А сейчас, если не возражаете, для того чтобы продемонстрировать ваше неизменное восхищение Эмерсоном, я хотел бы прочитать ваш сонет, посвященный ему.

Я могу только сказать, что это стихотворение — недостойно самого Эмерсона; Эзекиэль Мартинес Эстрада написал о нем лучше. Однако что же, давайте прочтем мое.

Да, прочтем ваше: «Он потирает сгорбленную спину / И отправляется, закрыв Монтеня, / На поиски иного утешенья — / Заката, опалившего равнину. / И на закатной, золотой дороге, / У самой кромки неба на минуту / Вдруг прорисовывается, как будто / В уме того, кто пишет эти строки…»

Пожалуй, этот фрагмент… не совсем плох.

Все стихотворение отнюдь не плохое.

Хотя и написал его я.

И в последней процитированной строке речь идет о вашем собственном восприятии, вашей памяти, ваших размышлениях.

Да.

«Он думает: „Заветные страницы / Я прочитал и сочинил такие, / Что их прочтут во времена другие. / Бог дал мне все, что многим только снится. / Не обойденный славою земною, / Я не жил на земле. иное"»[98]

У него есть стихотворение — «Days»[99],— в котором говорится то же самое: проходят дни, и он ненавидит их, так как отвергает наслаждения жизни; он сам себя ограничил; как вы сказали, он знал лишь интеллектуальное наслаждение. А в конце концов он раскаялся.

И все-таки…

Но как бы там ни было, он человек со спокойной, счастливой судьбой.

Да, вы говорите: он был инстинктивно счастлив.
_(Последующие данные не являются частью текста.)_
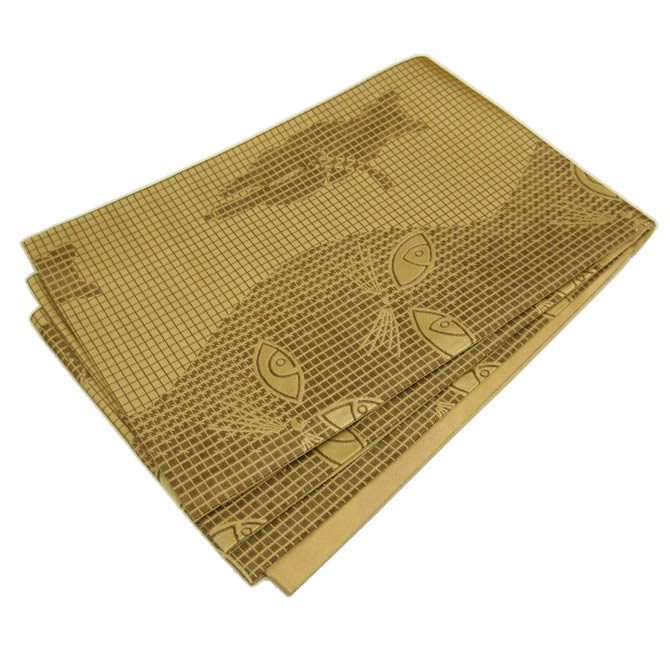 日本製●本場桐生織京袋帯 キャメルの地色に悩み猫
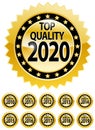 10 Top quality certificates 2010-2020 badge set, edittable vector illustrations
Полагаю, что так; кроме того, он был очень умен, он всю жизнь провел в размышлениях; как же ему не быть счастливым?! Несчастливы — глупцы; а человек, который привык к размышлениям, способен воскресить прошлое, вспоминая о нем, и постоянно обновляться; умственная работа — своеобразная форма счастья. И Эмерсон был, без сомнения, счастлив.